:: About this task ::
An exact copy of all the data is needed, with every picture left out.

:: Source data ::
———

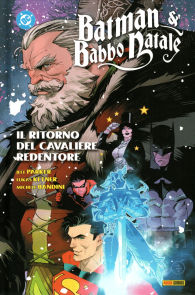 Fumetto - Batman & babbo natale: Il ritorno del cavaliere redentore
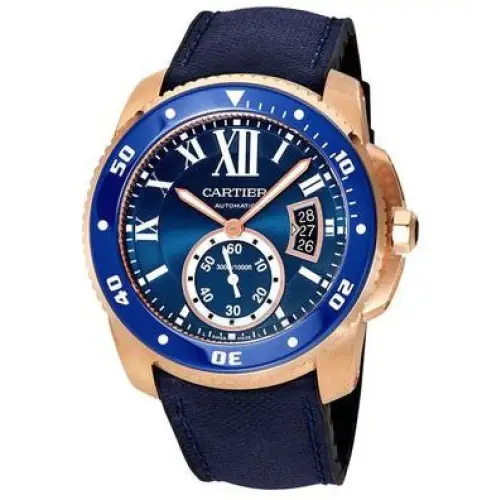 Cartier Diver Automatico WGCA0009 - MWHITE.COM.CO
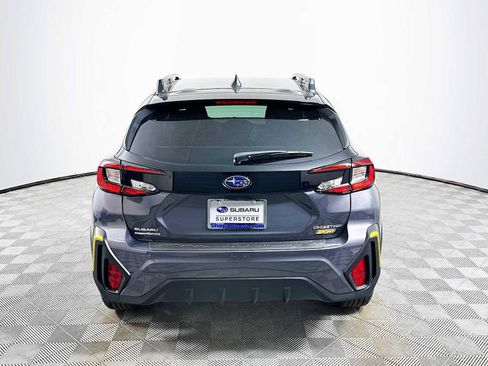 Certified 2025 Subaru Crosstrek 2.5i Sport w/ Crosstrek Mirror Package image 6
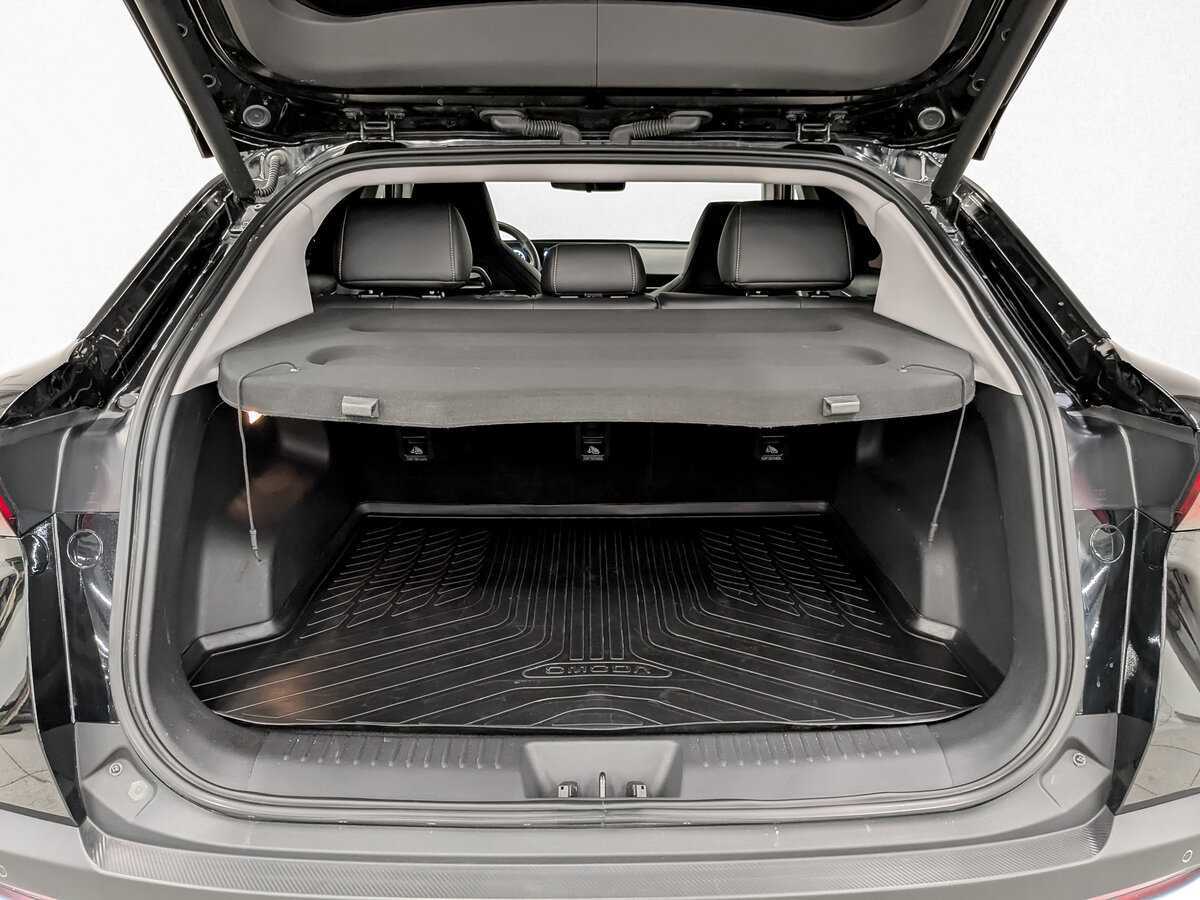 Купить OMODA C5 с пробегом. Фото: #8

———

:: Task output ::
 Fumetto - Batman & babbo natale: Il ritorno del cavaliere redentore
 Cartier Diver Automatico WGCA0009 - MWHITE.COM.CO
 Certified 2025 Subaru Crosstrek 2.5i Sport w/ Crosstrek Mirror Package image 6
 Купить OMODA C5 с пробегом. Фото: #8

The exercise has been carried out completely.